Background and Facts
Appellant does not challenge the legal or factual sufficiency of the evidence to
support his three convictions. The evidence makes clear that there are two incidents to be kept in
mind. The incidents occurring on or about January 26, 2001, were the basis for the allegations
underlying counts I and II of the indictment. M.R., the complainant, who was fifteen years old at
the time, was drunk and “out of it.” He had no real recollection of the incident that was described
for the jury in some detail by his mother. The other incident, apparently occurring in May 1997, can
be described as the “bathtub -shower” incident. It formed the basis of the allegations underlying
count III of the indictment. M.R. testified as to this incident and was somewhat uncertain only as
to whether appellant’s penis, finger, or hand touched his bottom while they were in the shower. It
is only this last described incident that is involved in the contentions urged by appellant in his points
of error. M.R. did not relate the 2001 incidents to either the psychiatrist or the psychologist, as they
later confirmed.
2
Adelita Ramirez, appellant’s wife and mother of the complainant, M.R., detailed her
long relationship with appellant.
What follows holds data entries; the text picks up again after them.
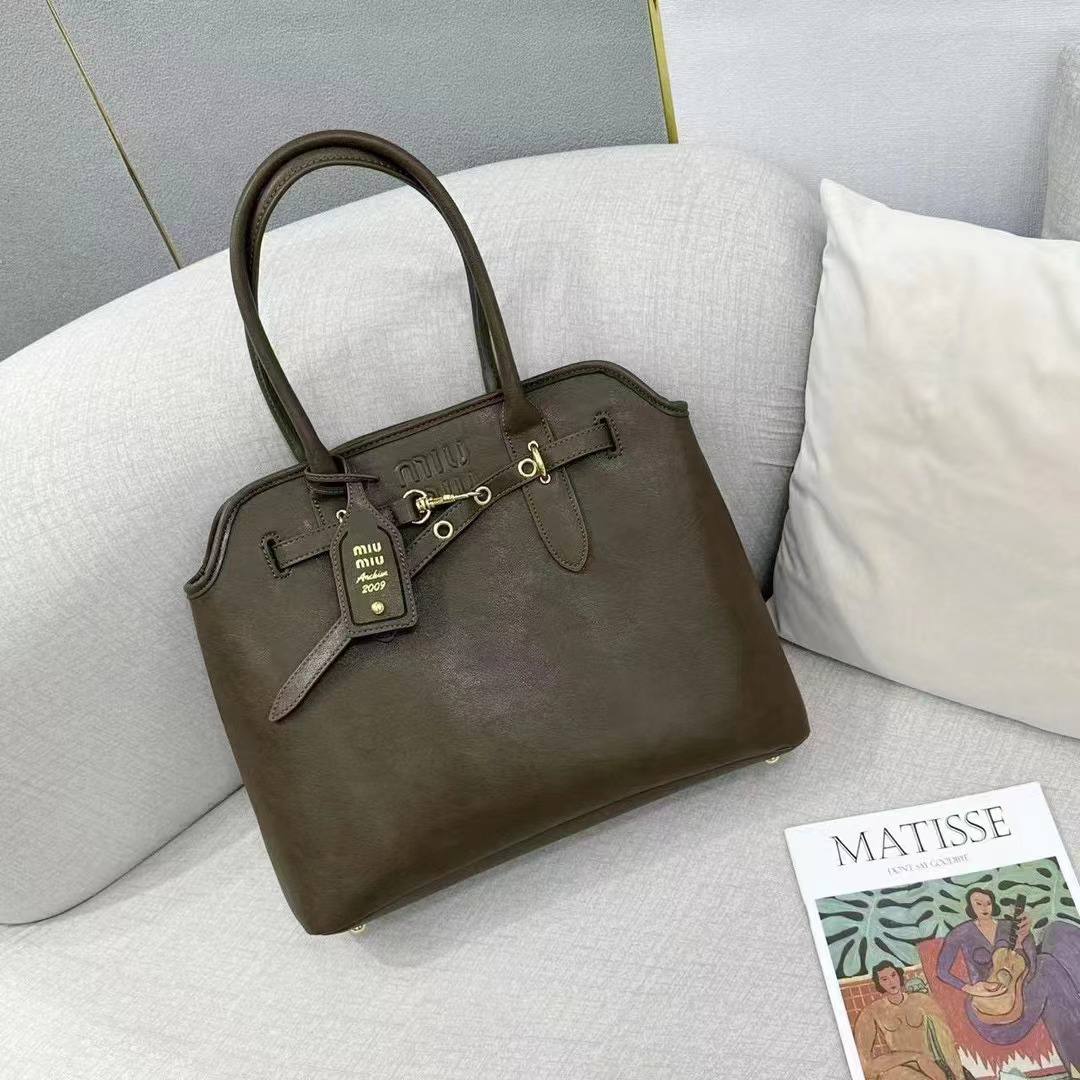 MIU MIU

Best quality 
with box
105 dhs🇦🇪🇦🇪

size 40CM

Zain290
♥️♥️♥️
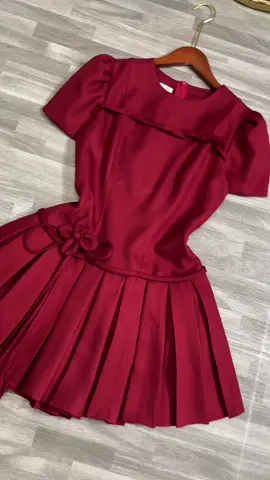 Váy xoè đỏ xinh #vayxinh #vayditiec #thoitrangnu #macdepmoingay #fyp 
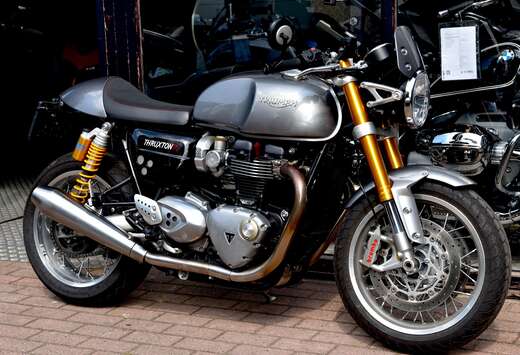 Triumph R ***MOTO VERTE***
Sometime near the end of January or in the first week of February
2001, she came home one evening and found M.R. missing from her Austin apartment. Her search
for him proved futile. The next morning between three or four o’clock, appellant and M.R. came
to the apartment. Appellant was not living there at the time. Both were drunk. Adelita described
M.R. as “stoned” and “bumping into walls.” Adelita told M.R. to go to sleep in her bed with the
three younger children. He did so. Appellant laid down on the living room couch. A little later,
Adelita heard appellant get up. After a few minutes, Adelita began to investigate. She observed
appellant squatting down beside the bed. M.R.’s pants had been pulled down and appellant had his
left hand in M.R.’s buttocks. At the same time, appellant was masturbating himself with his right
hand. Adelita kicked appellant over. She smelled his left hand which smelled like bowel movement.
She began shaking M.R. and hitting him to awaken him. She asked if M.R. had not felt what his
father was doing to him. M.R. mumbled and soon went back to sleep. An argument ensued between
Adelita and appellant. He pulled the telephone jack from the wall so she could not use the telephone.
About seven o’clock that morning, Adelita drove appellant to his sister’s house.
Adelita did not report the incident to the police because M.R. told her that he would
run away from home if she did. In April 2001, she decided that she did not want M.R. to run away
or hurt himself. Knowing that there was an outstanding warrant of arrest for M.R., she called his
juvenile probation officer and told him that M.R. was at home. The next morning, Adelita reported
the incident she had observed to the police.
3
M.R. also testified. He was sixteen years of age at the time, and committed to the
Texas Youth Council. He related his lengthy juvenile delinquency record including burglary, theft,
and criminal trespass. He acknowledged his excessive use of alcohol and marihuana and stated that
he had experimented with acid, cocaine, and embalming fluid. As to the incident described by his
mother, M.R. explained that he had gone with appellant to the home of appellant’s brother, Jerry,
where they smoked marihuana and drank alcohol and became intoxicated. M.R. recalled that it was
late when he got home and went to bed. He passed out and did not feel appellant touch him.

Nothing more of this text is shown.